#### [WHAT THE EXERCISE ASKS]
From the first line of the material through the line that holds "POPETPOP 3 Pièces", repeat each line exactly and skip any picture.

====== RECORDS TO USE

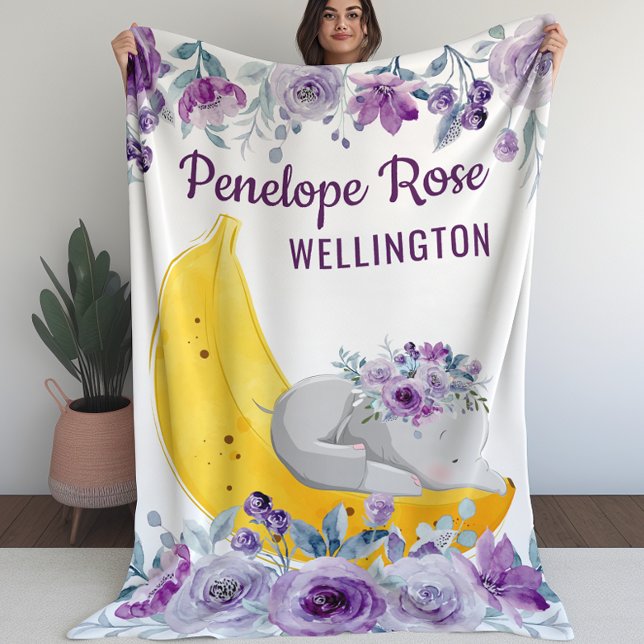 Una manta para los Chicas cuida elefante en un plá (Blanket for Girls Cute Elephant on a Banana (L))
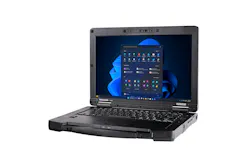 A photo of Panasonic's new ruggedized laptop open with Windows II on the screen A photo of Panasonic's new ruggedized laptop open with Windows II on the screen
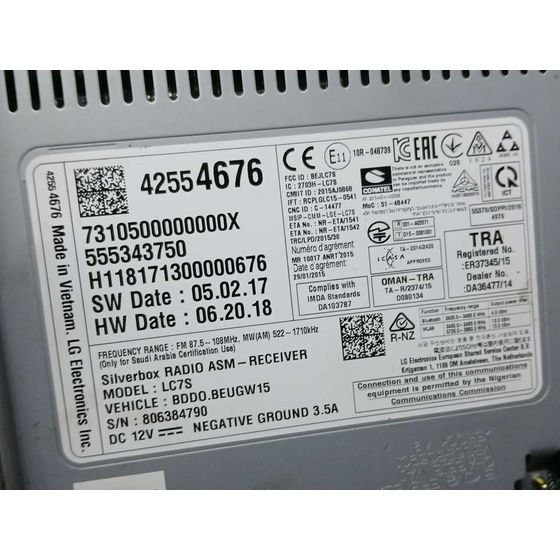 Sistema Audio / Radio para Opel Astra K Lim. 5Türig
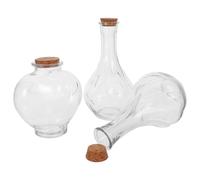 POPETPOP 3 Pièces Petites Bouteilles en Verre Cœur avec Bouchons en Liège | Cérémonie du Sable Mariage, Lot Décoratif Élégant Verre Bois, pour Home Display, Lune de Miel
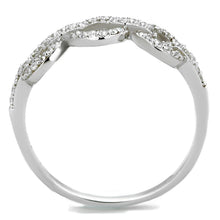 Load image into Gallery viewer, TS400 - Rhodium 925 Sterling Silver Ring with AAA Grade CZ  in Clear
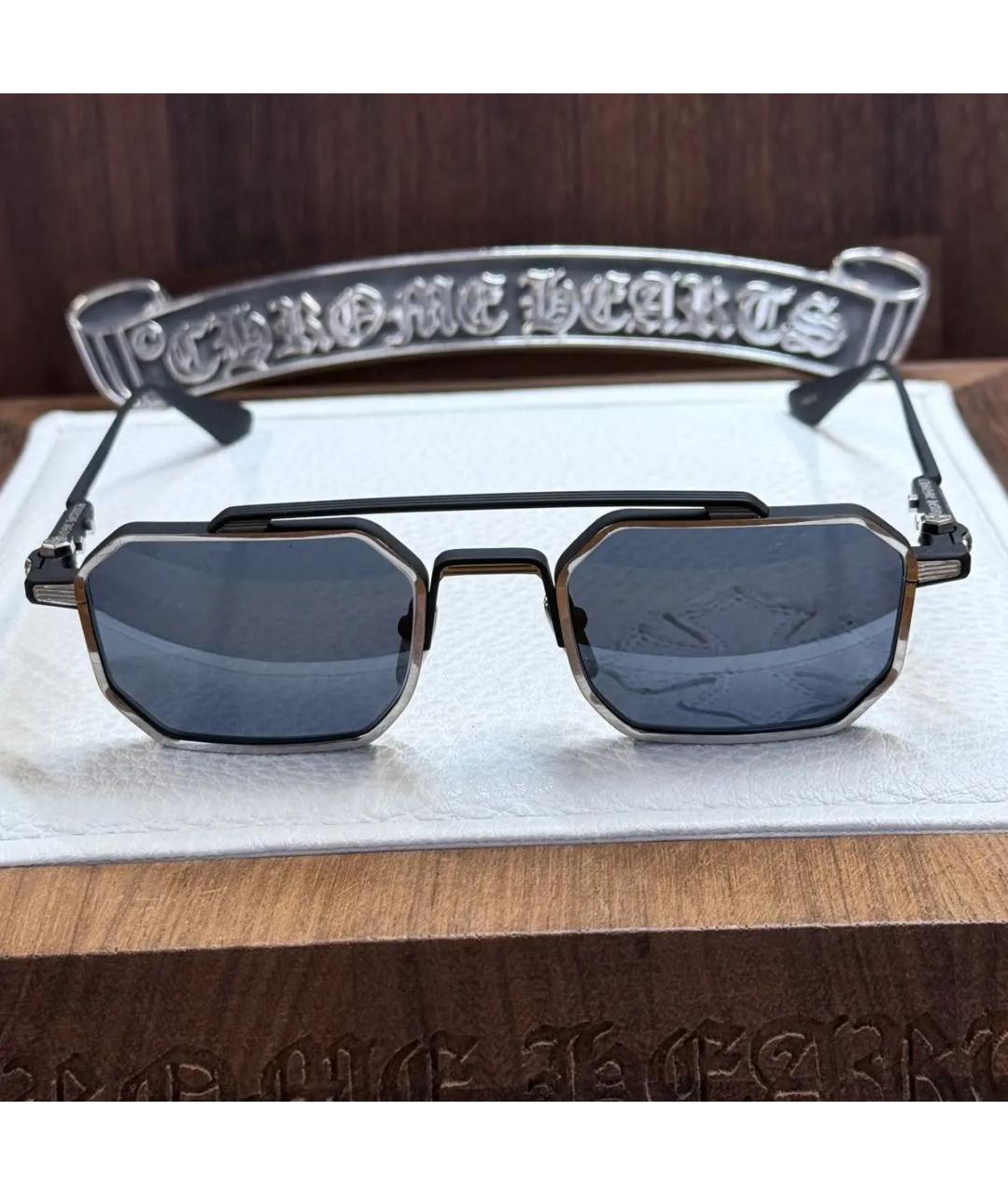 CHROME HEARTS Черные металлические солнцезащитные очки, фото 3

============

#### [COMPLETED TASK]
 Una manta para los Chicas cuida elefante en un plá (Blanket for Girls Cute Elephant on a Banana (L))
 A photo of Panasonic's new ruggedized laptop open with Windows II on the screen A photo of Panasonic's new ruggedized laptop open with Windows II on the screen
 Sistema Audio / Radio para Opel Astra K Lim. 5Türig
 POPETPOP 3 Pièces Petites Bouteilles en Verre Cœur avec Bouchons en Liège | Cérémonie du Sable Mariage, Lot Décoratif Élégant Verre Bois, pour Home Display, Lune de Miel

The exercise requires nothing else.